David Mumford wrote a blog post a few weeks ago in which he identified four tribes of mathematicians. Here’s a summary of his description of the four tribes.
- Explorers are people who ask — are there objects with such and such properties and if so, how many? …
- Alchemists … are those whose greatest excitement comes from finding connections between two areas of math that no one had previously seen as having anything to do with each other.
- Wrestlers … thrive not on equalities between numbers but on inequalities, what quantity can be estimated or bounded by what other quantity, and on asymptotic estimates of size or rate of growth. This tribe consists chiefly of analysts …
- Detectives … doggedly pursue the most difficult, deep questions, seeking clues here and there, sure there is a trail somewhere, often searching for years or decades. …
I’m some combination of alchemist and wrestler. I suppose most applied mathematicians are. Applications usually require taking ideas developed in one context and using them in another.
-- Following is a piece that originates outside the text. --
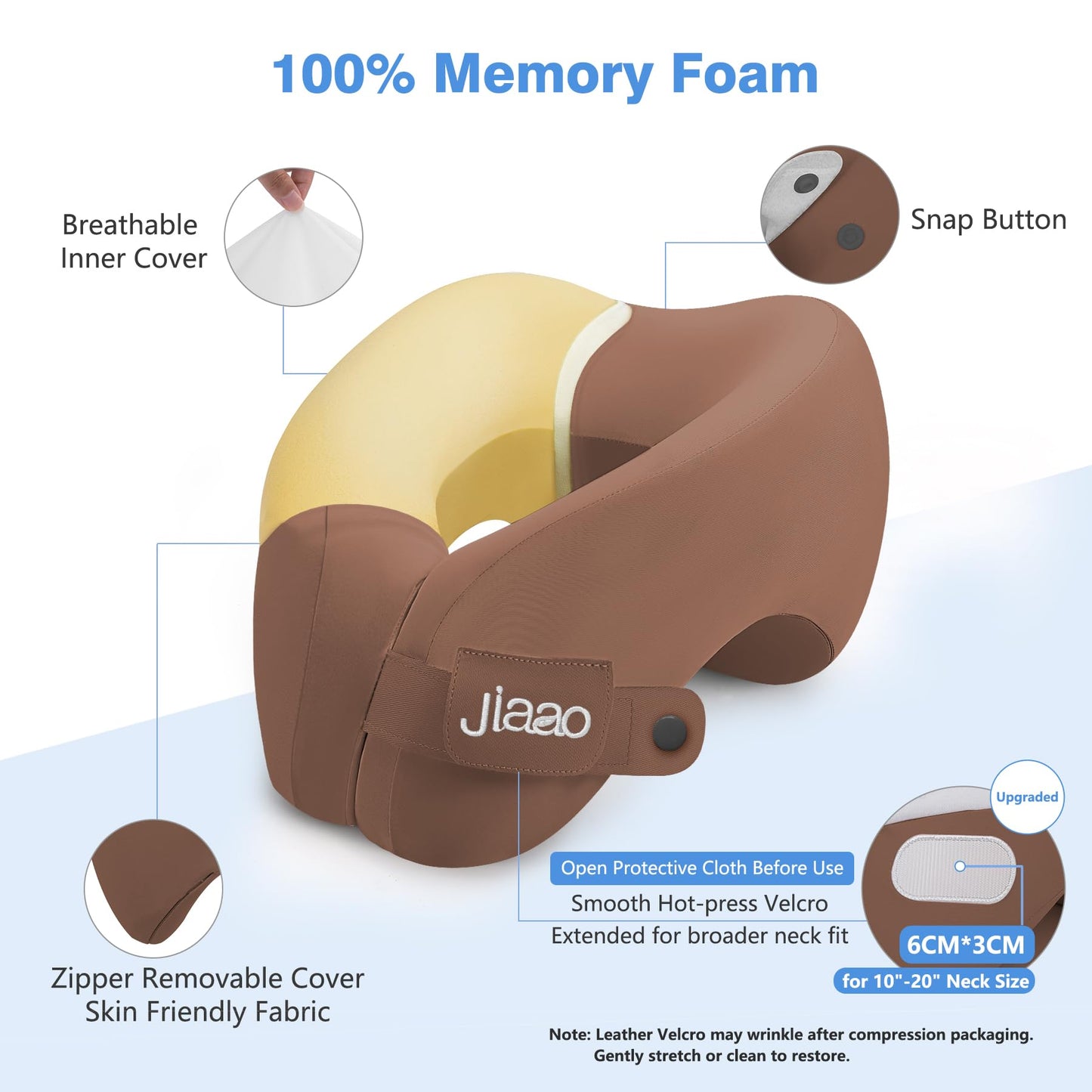 jiaao Travel Neck Pillow, Advanced Neck Support for International Flights, 3D Eye Masks, Ear Plugs and Storage Bag, Memory Foam U-Shaped Pillow for Travel, Sleep Rest, Trains, Road Trips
They take often complex things then estimate and bound them by things easier to understand.
One of my favorite proofs is Bernstein’s proof of the Weierstrass approximation theorem. It appeals to both alchemists and wrestlers. It takes an inequality from probability and uses it in an entirely different context, one with no randomness in sight, and uses it to explicitly construct an approximation satisfying the theorem.
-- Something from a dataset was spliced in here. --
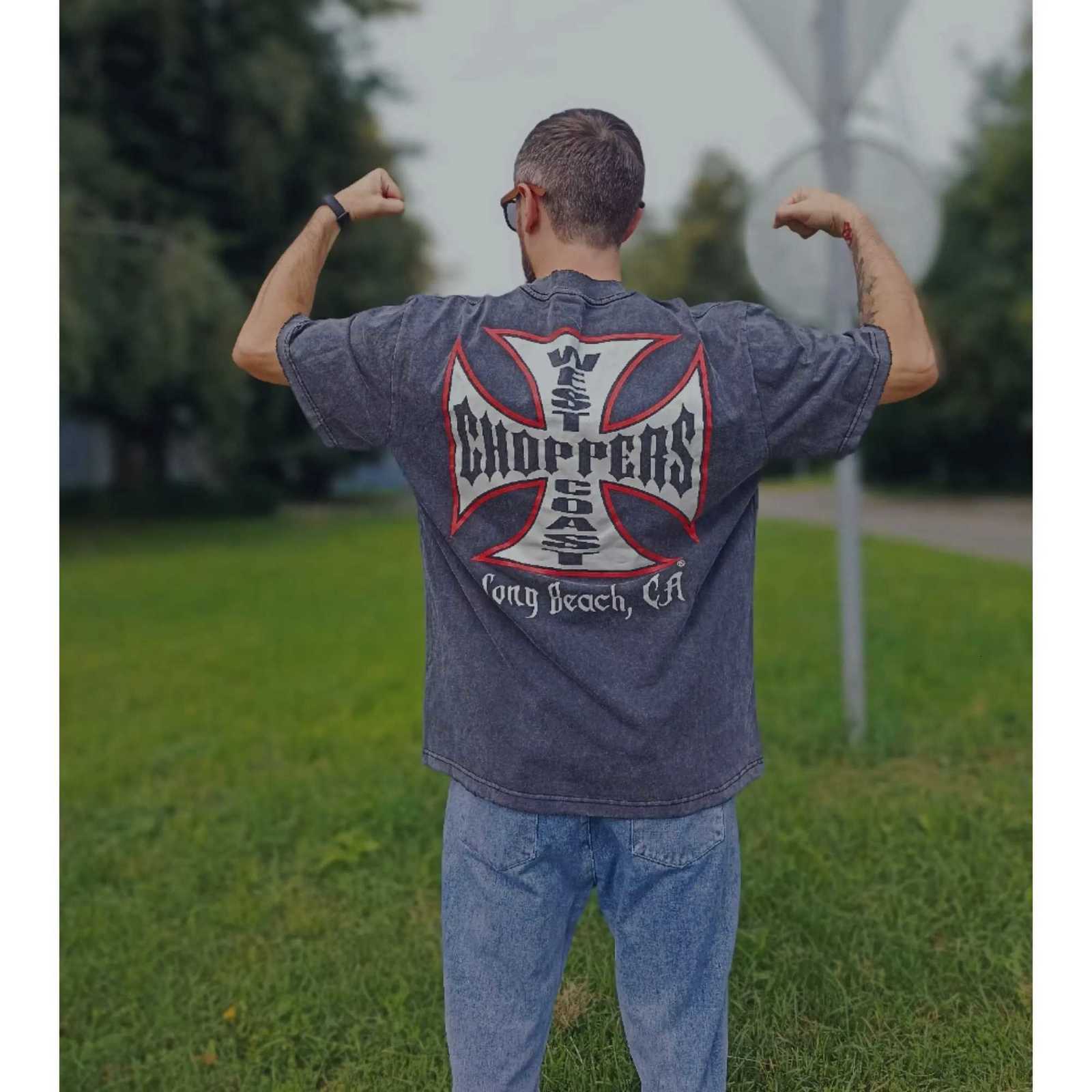 Men Washed Cotton T-shirts Casual West Coast Choppers T-Shirt Trendy Streetwear Breathable Fabric Loose Fit Daily Outfit Unseix T260410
I thought of David Mumford’s tribes when I got an email a couple days ago from someone who wrote to tell me he found in one of my tech reports a function that he’d studied in his own research. My tech report was motivated by a problem in biostatistics, while he was looking at material structural fatigue. The connection between remote fields was a bit of alchemy, while the content of the tech report, an upper bound on an integral, was a bit of wrestling.